DH took DS and I out to dinner last night to Carraba's
I didn't say anything and we went to Carraba's...After dinner and on our way home we started talking about how much of a "big boy" DS was at the restaurant. He sat in his booster and ate and had a great time...He talked to people who came by our table to talk to him and practiced saying "Tank Too" to the servers...
We had a great time...We know that's not always the case with a 2 year old so we're counting our blessings...I was telling DH that it's great how that their interaction is so fabulous...DH and DS have "talks" whenever DS is about to loose it...DH has him to the point to where all he has to say is, "DS...Do we need to have a talk?" and the boy straightens up...I told him that was great that he's getting that opportunity. He said he agreed because he didn't and doesn't get that chance with SD. I agreed. I said, "Yeah...The fact that her behavior is not too good coupled with the fact that her mother doesn't take her anywhere, it's hard to "civilize" her with the little time you DO have with her..."

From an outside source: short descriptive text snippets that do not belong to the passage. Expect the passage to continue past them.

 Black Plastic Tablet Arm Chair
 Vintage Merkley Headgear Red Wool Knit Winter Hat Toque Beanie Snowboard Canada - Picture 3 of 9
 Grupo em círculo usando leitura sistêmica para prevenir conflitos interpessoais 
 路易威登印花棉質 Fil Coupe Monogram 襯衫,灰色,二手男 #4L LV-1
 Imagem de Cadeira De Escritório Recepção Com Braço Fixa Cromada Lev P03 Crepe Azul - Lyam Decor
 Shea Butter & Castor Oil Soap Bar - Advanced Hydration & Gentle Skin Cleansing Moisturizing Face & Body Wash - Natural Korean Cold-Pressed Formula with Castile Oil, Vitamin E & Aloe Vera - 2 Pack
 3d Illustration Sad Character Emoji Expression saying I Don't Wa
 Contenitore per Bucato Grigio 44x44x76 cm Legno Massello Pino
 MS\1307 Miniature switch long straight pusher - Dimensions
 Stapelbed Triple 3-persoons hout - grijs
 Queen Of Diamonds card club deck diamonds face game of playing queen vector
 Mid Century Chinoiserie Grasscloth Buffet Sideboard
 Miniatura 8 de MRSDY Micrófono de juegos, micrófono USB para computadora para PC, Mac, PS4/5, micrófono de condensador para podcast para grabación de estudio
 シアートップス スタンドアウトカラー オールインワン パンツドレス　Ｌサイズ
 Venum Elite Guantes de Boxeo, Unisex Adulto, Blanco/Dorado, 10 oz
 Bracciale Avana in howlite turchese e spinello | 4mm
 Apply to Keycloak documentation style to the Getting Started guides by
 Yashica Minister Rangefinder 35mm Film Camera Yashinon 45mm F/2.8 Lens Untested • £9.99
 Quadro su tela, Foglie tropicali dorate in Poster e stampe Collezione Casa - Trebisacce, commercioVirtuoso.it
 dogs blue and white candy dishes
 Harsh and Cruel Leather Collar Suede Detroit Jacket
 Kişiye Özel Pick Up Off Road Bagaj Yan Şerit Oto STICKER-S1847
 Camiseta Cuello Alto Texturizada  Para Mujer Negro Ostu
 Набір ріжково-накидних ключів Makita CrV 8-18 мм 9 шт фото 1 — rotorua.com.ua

So DH said..."I don't mind taking her anywhere now...her behavior has gotten a lot better when she's with me at least, but I know you don't want to go anywhere with her..."I was like HUH? He said, "Well when I mentioned going to Cheesecake Factory this weekend, you were like uhhh...no, when I realized we'd have SD...you don't want go anywhere with her in public..."
SCREECH! PUMP YER BRAKES!
I was and am a bit offended! Now first and foremost...SD has some major behavioral problems...DH has gotten her to the point where she will act right when with us. But initially when he got his visitation established and BM couldn't keep her from him, we'd take her to restaurants with us and ROUTINELY she'd act a fool...Like screaming...spitting across the table...bending over and farting....you freaking name it...DH would have to no less than 2 to 3 times during an outing take her to the restroom to have a "talk", or even spank her...So at one point, DH said...I can't take her out like that...It's too dramatic and stressful...I agreed and supported him...
But now it's MY idea why we don't take SD anywhere? Really? I'm pissed because it makes me look like the bad guy!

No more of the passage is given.